Finding an Airbnb is difficult, especially searching for one that's just right. Guests looking to stay in Dublin seem to share the same sentiment! In an effort to improve the guest experience on Airbnb, we analysed Strata's 2 datasets of Airbnb guests' searches in Dublin and their following inquiries to hosts.
Our project consists of three main components: data visualization and analysis, machine learning, and a chatbot. In this Datathon, we used data analysis as a tool to the other parts of our project. As soon as we found which pieces of data were significant to whether a AirBnB user would have their booking accepted, we proceeded to create our machine learning model. This model takes input variables from the dataset provided to us by Strata, but we didn't stop there.
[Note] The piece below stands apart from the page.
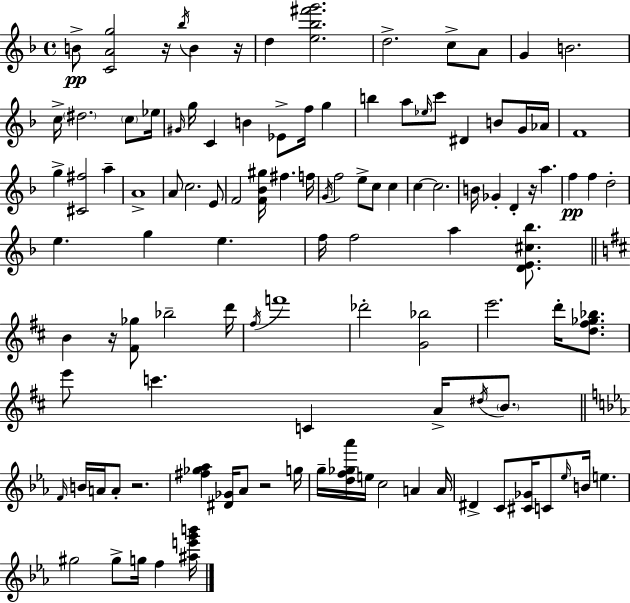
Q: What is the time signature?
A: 4/4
We continued on to make a chatbot that is capable of providing recommendations to users based on the data we analyzed.
- We were initially given two separate datasets
- Each user had multiple entries, making it difficult to merge the datasets
- Combined into one set by user ID
- Each user had multiple entries, making it difficult to merge the datasets
- Outliers
- Remove outliers with a modified version of z-scores
We used R's built-in statistical functions and p-value tests to run some preliminary analysis on the composite data file. This allowed us to discover which variables influence acceptance rate for Airbnb's. Using this information, we were able to generate informative plots using Seaborn and train our machine learning model.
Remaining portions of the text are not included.